Come ogni anno nel nostro calendario, scandito da Pasqua, Natale e tutte le cosiddette “feste comandate”, non poteva mancare l’evento nazional-popolare per eccellenza che mette davanti al televisore milioni d’italiani.
Un rito collettivo che, nel bene e nel male, attraversa quasi settant’anni della vita del Belpaese. E anche quest’anno, dal 5 al 9 febbraio, è andata in scena la sessantanovesima edizione del Festival di Sanremo, la seconda sotto la direzione artistica di Claudio Baglioni.
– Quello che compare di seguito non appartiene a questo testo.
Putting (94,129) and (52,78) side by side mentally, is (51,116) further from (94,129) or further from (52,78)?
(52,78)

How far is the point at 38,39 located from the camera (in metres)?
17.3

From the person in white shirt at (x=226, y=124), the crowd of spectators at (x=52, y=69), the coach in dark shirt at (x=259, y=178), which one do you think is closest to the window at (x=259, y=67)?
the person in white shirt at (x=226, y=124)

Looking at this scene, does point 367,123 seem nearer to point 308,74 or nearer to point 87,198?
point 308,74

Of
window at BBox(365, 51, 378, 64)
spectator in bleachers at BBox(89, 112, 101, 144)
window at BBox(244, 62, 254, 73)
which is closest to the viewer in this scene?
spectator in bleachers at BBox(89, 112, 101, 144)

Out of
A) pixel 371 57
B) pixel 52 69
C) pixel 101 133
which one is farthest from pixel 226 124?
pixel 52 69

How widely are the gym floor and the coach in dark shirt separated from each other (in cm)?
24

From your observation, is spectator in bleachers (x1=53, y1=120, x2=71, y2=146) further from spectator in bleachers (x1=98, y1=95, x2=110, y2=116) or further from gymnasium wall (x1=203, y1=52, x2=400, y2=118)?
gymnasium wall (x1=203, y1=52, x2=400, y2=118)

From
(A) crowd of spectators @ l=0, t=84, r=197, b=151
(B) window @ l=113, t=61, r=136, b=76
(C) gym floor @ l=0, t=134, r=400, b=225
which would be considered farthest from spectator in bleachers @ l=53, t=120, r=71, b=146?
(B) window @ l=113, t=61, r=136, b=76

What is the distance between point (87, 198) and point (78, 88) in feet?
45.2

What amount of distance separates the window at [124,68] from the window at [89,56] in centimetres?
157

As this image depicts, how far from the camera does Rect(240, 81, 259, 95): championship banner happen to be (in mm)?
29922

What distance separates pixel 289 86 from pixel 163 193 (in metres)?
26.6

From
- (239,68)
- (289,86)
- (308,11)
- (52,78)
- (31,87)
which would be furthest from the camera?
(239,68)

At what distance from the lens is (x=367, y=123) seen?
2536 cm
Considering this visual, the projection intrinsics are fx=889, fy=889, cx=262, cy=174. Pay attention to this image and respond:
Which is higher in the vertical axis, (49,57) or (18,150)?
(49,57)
Da settimane ormai, sui media, sui social italiani non si parla d’altro che del Festival, dei conduttori, dei cantanti e di tutto quel che ruota intorno ad essi. E come ogni anno, dalla messa in onda della prima serata in poi, si commenta quel che si è visto la sera prima in tv ed è un proliferare di opinioni, critiche, analisi che vanno da quelle “terra terra” fatte dalle persone normali al lavoro o durante le serate stesse, in gruppi d’ascolto spesso nati sui social (fenomeno questo davvero interessante e decisamente degno di studio da parte dei sociologi dei massmedia), fino ai dibattiti a volte surreali che si svolgono nei vari programmi televisivi che per giorni sconvolgono i palinsesti per dare ampio risalto alla kermesse sanremese.
Ancora una volta il dibattito si è acceso, nello spirito italico che vede da sempre l’eterna lotta tra guelfi e ghibellini, sulla natura stessa del Festival. Deve essere una vetrina della musica italiana tradizionale oppure deve presentare le innovazioni nel panorama della canzone nostrana?
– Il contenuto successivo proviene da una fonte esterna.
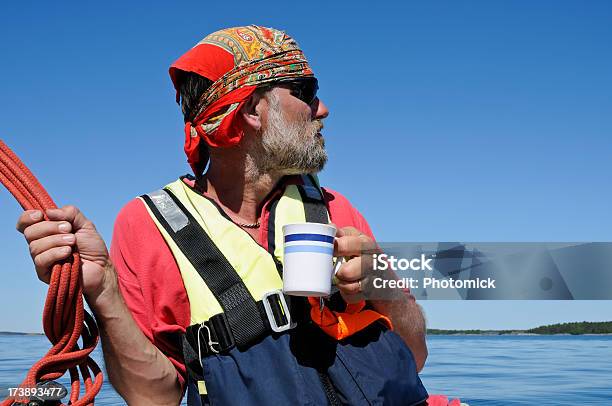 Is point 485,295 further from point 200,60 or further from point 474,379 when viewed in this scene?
point 474,379

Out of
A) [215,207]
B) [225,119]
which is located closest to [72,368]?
[215,207]

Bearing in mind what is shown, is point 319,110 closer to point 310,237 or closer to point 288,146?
point 288,146

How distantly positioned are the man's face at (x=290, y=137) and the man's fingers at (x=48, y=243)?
114cm

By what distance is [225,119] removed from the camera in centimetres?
336

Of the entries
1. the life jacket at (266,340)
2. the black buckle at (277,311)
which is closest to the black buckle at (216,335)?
the life jacket at (266,340)

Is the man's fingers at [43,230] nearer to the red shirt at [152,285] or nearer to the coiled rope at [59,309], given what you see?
the coiled rope at [59,309]

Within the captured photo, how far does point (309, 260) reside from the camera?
254 centimetres

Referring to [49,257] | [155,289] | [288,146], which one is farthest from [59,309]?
[288,146]

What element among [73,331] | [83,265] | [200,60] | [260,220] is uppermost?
[200,60]

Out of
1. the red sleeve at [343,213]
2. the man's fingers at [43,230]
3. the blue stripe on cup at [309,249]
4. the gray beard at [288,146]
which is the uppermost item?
the gray beard at [288,146]

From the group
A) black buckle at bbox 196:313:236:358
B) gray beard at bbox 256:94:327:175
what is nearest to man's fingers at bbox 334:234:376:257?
black buckle at bbox 196:313:236:358

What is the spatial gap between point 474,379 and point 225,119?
12400 millimetres

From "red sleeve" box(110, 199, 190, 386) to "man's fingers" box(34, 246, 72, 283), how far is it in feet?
2.16

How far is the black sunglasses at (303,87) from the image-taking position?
3467mm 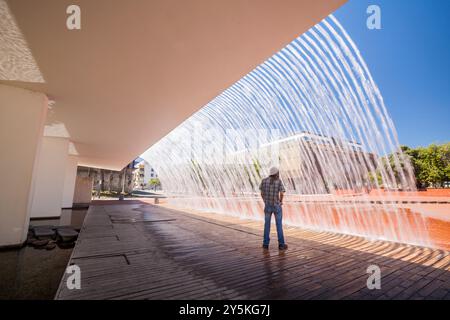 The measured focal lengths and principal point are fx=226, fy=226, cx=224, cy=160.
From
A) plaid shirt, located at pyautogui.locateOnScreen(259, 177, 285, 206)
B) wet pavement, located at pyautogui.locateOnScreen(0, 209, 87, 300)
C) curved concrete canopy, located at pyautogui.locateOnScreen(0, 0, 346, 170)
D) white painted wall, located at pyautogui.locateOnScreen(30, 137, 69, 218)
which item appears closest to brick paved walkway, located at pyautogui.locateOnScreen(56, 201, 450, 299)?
wet pavement, located at pyautogui.locateOnScreen(0, 209, 87, 300)

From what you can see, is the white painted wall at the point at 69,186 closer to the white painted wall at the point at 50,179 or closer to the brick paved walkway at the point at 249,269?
the white painted wall at the point at 50,179

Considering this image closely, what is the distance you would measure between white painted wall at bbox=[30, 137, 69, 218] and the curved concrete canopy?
19.2ft

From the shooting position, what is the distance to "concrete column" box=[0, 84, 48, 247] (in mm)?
5676

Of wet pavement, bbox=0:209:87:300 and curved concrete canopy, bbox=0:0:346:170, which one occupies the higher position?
curved concrete canopy, bbox=0:0:346:170

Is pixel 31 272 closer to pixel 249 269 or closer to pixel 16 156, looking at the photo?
pixel 16 156

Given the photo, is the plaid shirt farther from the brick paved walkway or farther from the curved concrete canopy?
the curved concrete canopy

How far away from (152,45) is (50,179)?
10.7 metres

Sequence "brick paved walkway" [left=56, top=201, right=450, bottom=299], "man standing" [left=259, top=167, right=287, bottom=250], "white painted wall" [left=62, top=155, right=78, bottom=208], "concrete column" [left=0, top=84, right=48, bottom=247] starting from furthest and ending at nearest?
"white painted wall" [left=62, top=155, right=78, bottom=208]
"concrete column" [left=0, top=84, right=48, bottom=247]
"man standing" [left=259, top=167, right=287, bottom=250]
"brick paved walkway" [left=56, top=201, right=450, bottom=299]

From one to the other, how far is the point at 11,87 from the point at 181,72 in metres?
4.65

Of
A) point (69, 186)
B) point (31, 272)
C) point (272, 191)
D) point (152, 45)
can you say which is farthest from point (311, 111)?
point (69, 186)

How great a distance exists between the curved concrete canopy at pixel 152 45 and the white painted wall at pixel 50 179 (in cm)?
585

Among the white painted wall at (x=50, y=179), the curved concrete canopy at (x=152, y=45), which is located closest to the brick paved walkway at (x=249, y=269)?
the curved concrete canopy at (x=152, y=45)

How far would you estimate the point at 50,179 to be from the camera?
11195mm

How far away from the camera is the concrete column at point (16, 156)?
5676mm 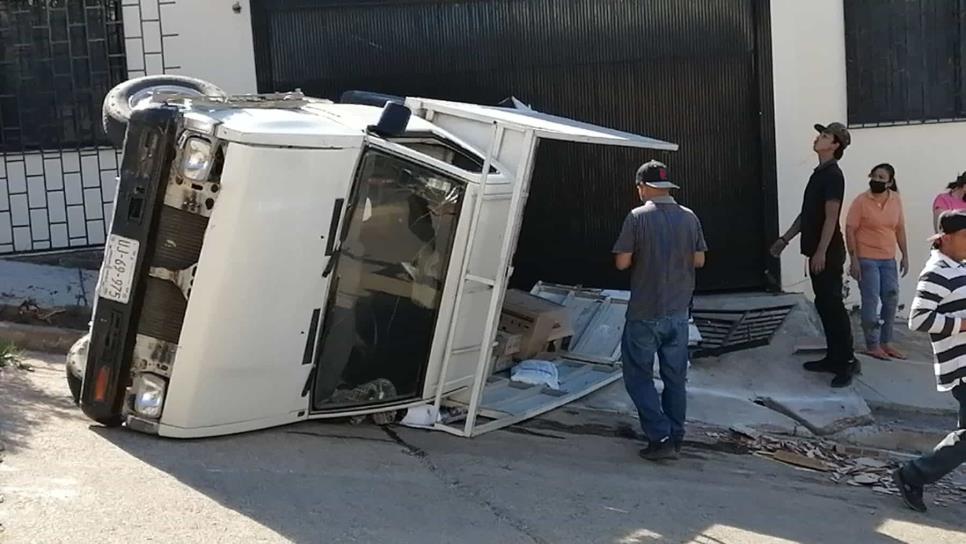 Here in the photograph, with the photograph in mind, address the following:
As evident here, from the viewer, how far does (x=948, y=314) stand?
5629mm

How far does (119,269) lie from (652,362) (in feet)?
9.64

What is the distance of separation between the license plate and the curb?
2.40 metres

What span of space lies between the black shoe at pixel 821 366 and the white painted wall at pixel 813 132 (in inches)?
76.5

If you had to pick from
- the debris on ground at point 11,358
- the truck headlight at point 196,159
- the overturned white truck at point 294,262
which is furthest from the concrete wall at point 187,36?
the truck headlight at point 196,159

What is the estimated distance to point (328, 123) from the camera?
578cm

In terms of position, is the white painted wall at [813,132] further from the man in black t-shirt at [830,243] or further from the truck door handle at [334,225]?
the truck door handle at [334,225]

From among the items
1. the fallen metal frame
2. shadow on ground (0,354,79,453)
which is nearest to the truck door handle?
shadow on ground (0,354,79,453)

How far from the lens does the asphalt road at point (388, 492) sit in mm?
4758

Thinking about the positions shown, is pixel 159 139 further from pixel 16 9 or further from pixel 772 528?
pixel 16 9

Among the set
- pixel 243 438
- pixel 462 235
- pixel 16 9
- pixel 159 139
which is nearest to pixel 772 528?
pixel 462 235

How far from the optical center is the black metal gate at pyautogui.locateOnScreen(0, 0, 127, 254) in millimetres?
9320

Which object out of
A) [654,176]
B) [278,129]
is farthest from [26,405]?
[654,176]

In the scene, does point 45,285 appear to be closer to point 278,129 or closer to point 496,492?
point 278,129

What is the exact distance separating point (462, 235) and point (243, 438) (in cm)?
159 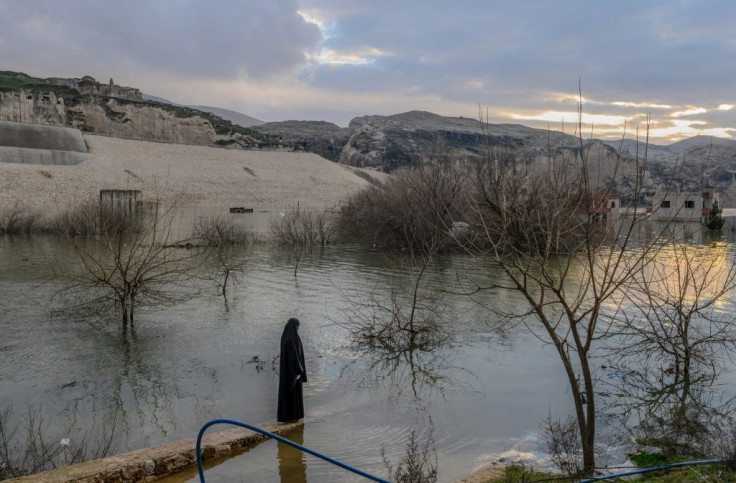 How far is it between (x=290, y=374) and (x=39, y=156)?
53979 mm

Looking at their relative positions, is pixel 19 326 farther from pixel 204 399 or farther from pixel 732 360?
pixel 732 360

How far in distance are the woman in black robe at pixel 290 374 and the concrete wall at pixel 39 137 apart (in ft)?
187

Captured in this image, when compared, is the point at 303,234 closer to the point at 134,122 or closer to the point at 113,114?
the point at 134,122

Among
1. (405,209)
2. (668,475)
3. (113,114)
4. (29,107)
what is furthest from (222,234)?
(113,114)

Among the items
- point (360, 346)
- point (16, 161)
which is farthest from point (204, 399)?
point (16, 161)

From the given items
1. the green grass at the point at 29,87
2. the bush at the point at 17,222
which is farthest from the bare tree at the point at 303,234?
the green grass at the point at 29,87

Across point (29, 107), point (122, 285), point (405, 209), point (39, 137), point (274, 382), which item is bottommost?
point (274, 382)

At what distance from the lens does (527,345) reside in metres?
13.6

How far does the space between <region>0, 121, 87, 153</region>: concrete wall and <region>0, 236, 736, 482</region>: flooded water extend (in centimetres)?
4608

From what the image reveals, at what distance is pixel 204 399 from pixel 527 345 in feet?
23.9

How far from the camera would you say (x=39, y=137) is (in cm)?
5888

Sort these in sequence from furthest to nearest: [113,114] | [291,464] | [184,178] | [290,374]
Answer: [113,114]
[184,178]
[290,374]
[291,464]

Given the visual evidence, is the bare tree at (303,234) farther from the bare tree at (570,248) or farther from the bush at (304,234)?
the bare tree at (570,248)

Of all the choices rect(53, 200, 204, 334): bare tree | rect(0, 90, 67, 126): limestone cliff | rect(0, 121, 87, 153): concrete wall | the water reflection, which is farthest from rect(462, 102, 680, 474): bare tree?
rect(0, 90, 67, 126): limestone cliff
Questo dibattito in realtà esiste da quando è nato il Festival, da quando i vari “papaveri e papere” istituzionali si contrapponevano ai cosiddetti “urlatori”, finché poi questi ultimi si ritrovavano nel tempo a vestire i panni della canzone tradizionale in un passaggio di testimone “fisiologico” e sfidavano le nuove generazioni viste a loro volta come gli innovatori di turno.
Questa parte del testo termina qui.